Caption-style text data
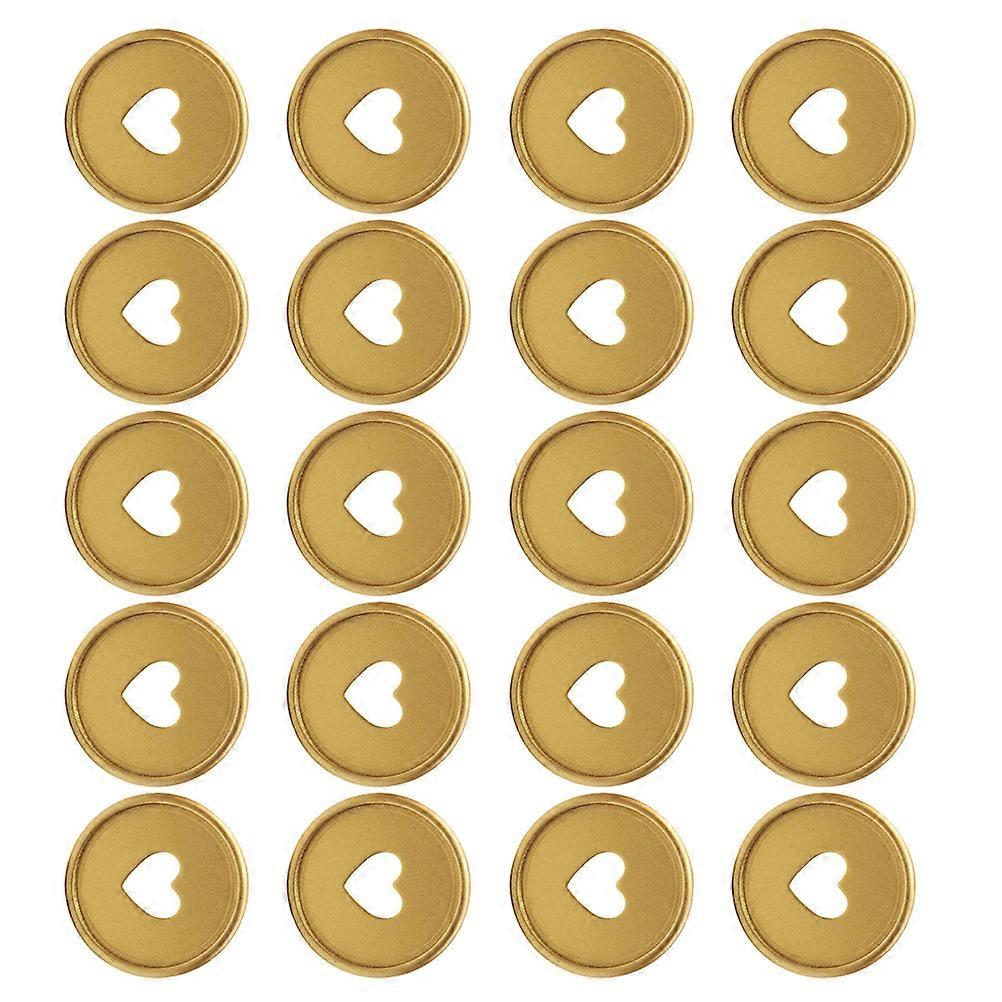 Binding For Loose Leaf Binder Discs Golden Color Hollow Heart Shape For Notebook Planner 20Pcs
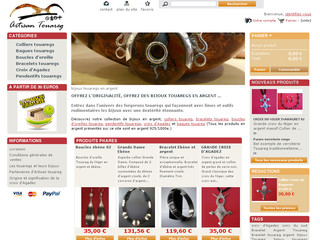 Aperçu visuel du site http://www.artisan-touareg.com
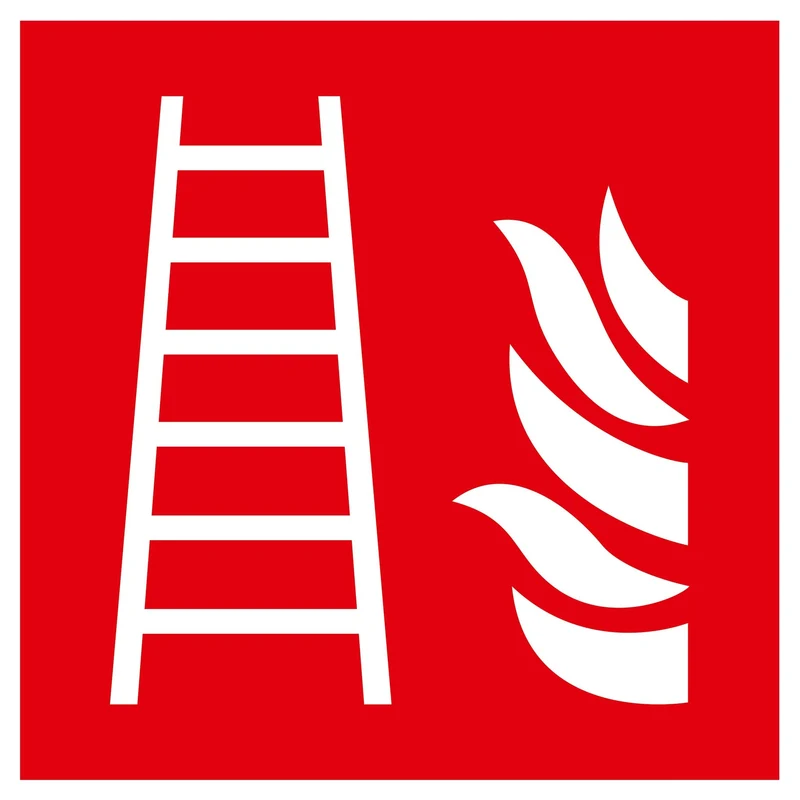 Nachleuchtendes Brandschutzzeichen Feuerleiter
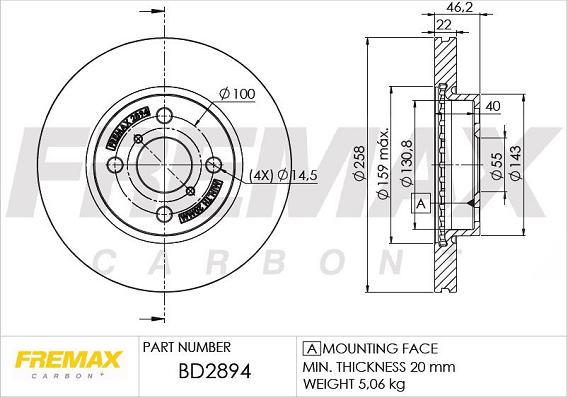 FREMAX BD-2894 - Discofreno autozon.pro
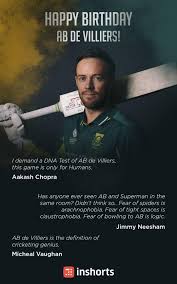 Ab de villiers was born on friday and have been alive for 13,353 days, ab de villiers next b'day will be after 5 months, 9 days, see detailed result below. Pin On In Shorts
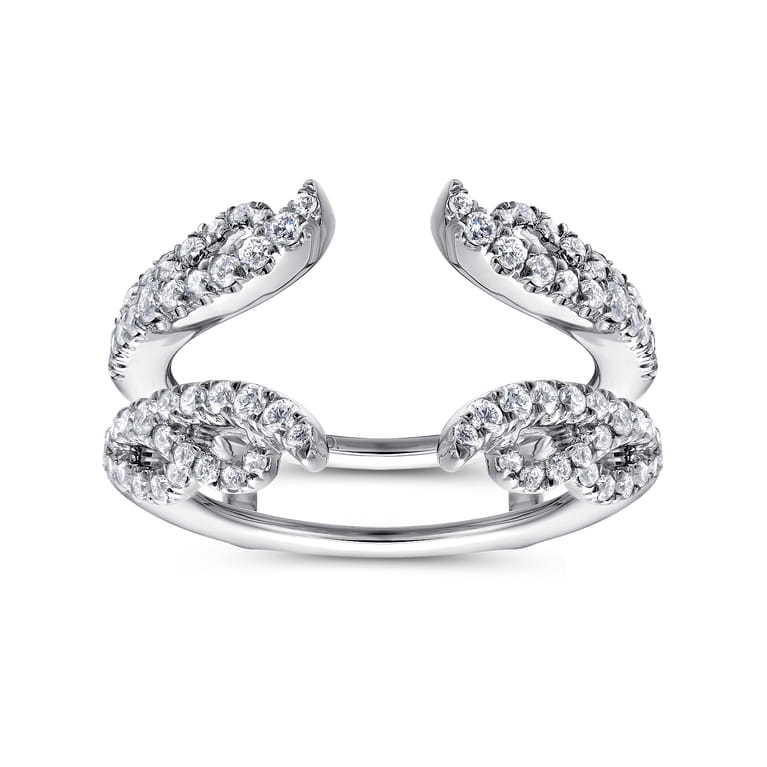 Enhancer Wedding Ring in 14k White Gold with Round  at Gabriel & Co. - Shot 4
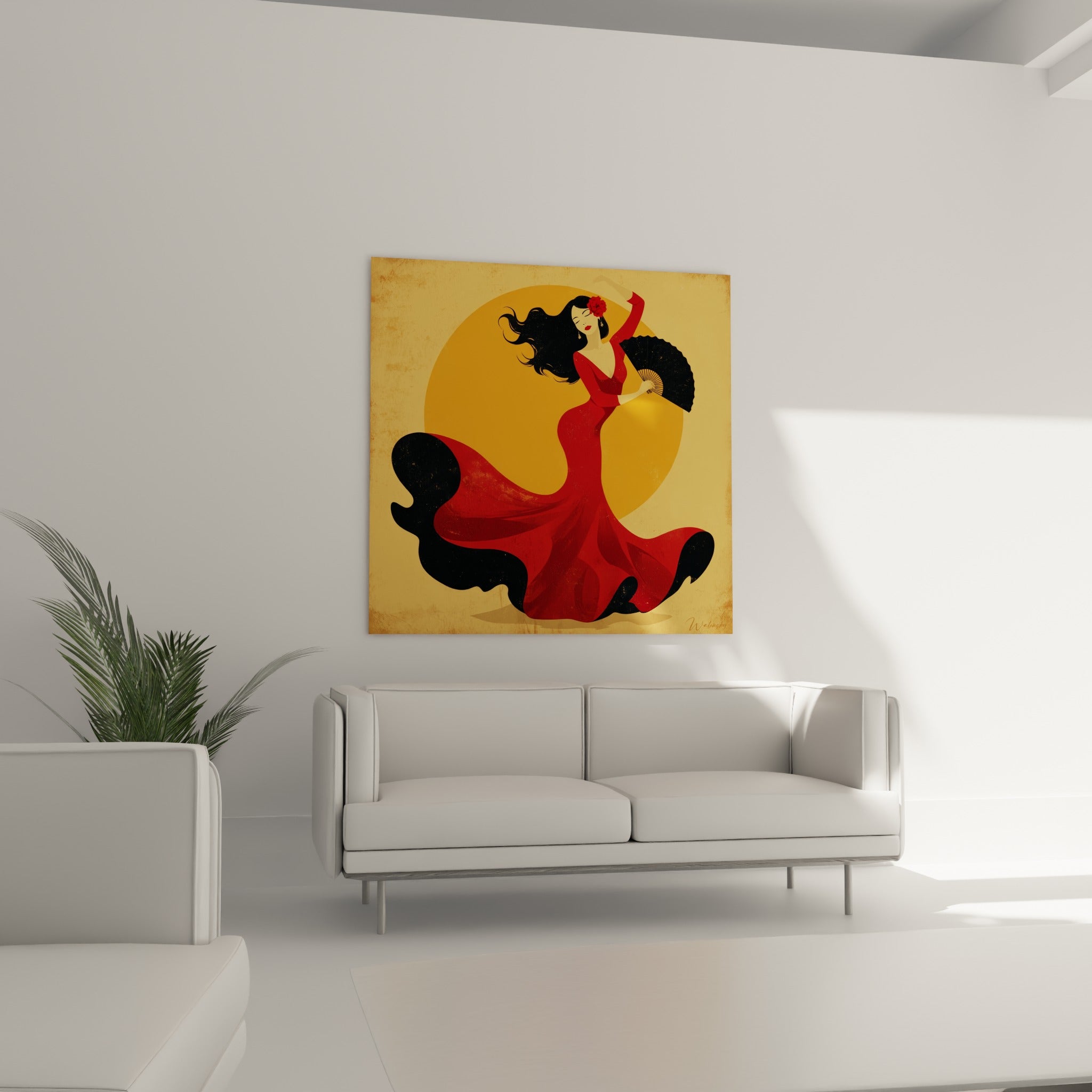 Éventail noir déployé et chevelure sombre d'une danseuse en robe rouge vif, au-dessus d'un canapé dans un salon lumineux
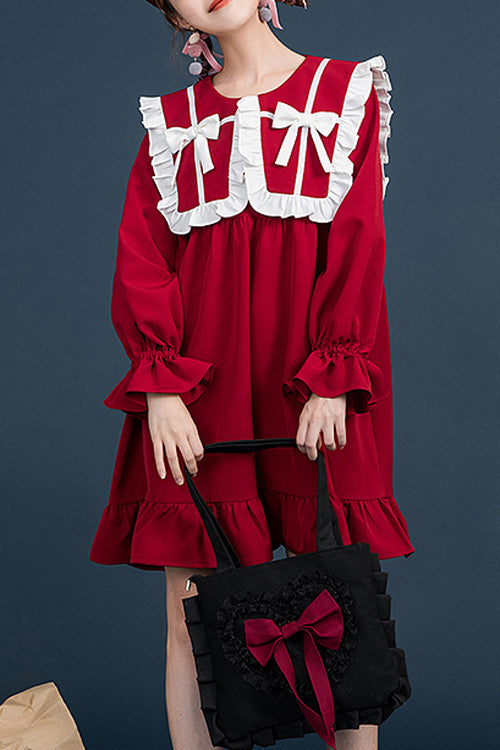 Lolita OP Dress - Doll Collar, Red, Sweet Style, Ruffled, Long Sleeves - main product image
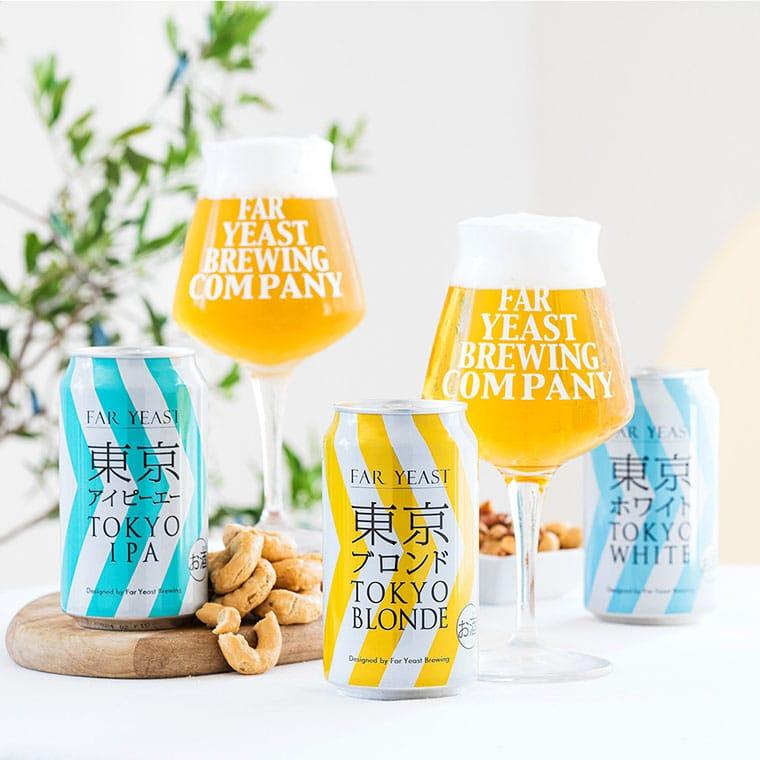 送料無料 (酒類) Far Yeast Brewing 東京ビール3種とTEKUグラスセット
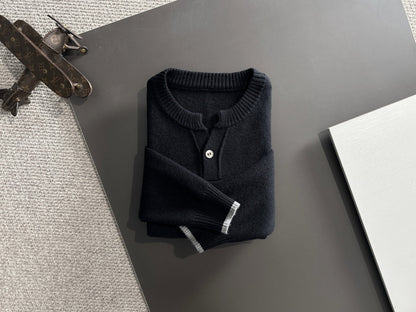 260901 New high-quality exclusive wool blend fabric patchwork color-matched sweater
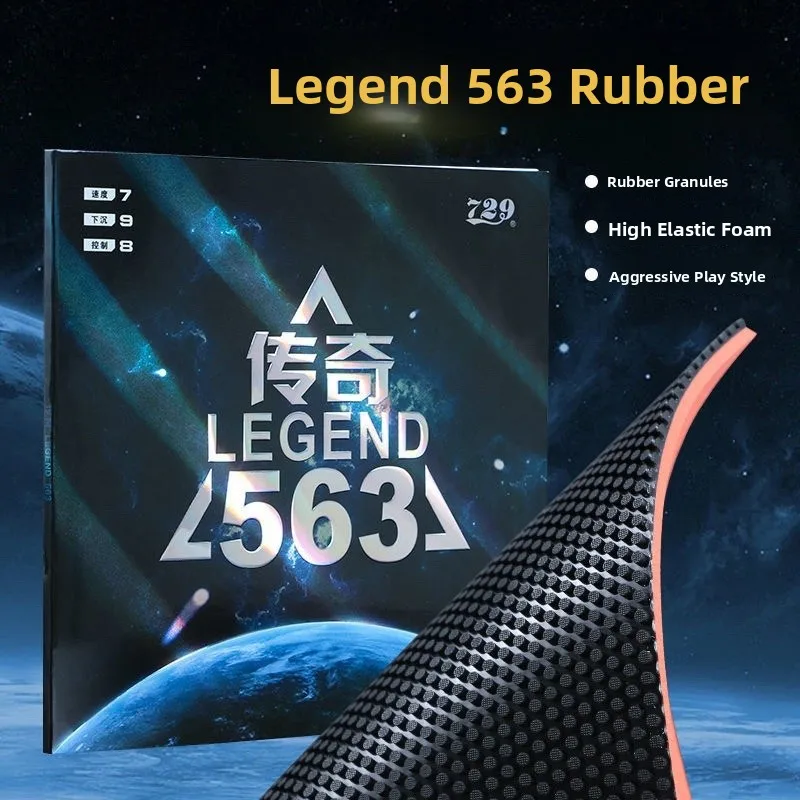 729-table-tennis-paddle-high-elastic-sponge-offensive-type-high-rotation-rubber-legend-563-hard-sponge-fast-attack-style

◆ **WHAT IS EXPECTED**: Extract only the lines from the one that contains "Nachleuchtendes Brandschutzzeichen Feuerleiter" through the end of the records, inclusive, and omit every picture.

◆ **ANSWER SPACE**:
 Nachleuchtendes Brandschutzzeichen Feuerleiter
 FREMAX BD-2894 - Discofreno autozon.pro
 Ab de villiers was born on friday and have been alive for 13,353 days, ab de villiers next b'day will be after 5 months, 9 days, see detailed result below. Pin On In Shorts
 Enhancer Wedding Ring in 14k White Gold with Round  at Gabriel & Co. - Shot 4
 Éventail noir déployé et chevelure sombre d'une danseuse en robe rouge vif, au-dessus d'un canapé dans un salon lumineux
 Lolita OP Dress - Doll Collar, Red, Sweet Style, Ruffled, Long Sleeves - main product image
 送料無料 (酒類) Far Yeast Brewing 東京ビール3種とTEKUグラスセット
 260901 New high-quality exclusive wool blend fabric patchwork color-matched sweater
 729-table-tennis-paddle-high-elastic-sponge-offensive-type-high-rotation-rubber-legend-563-hard-sponge-fast-attack-style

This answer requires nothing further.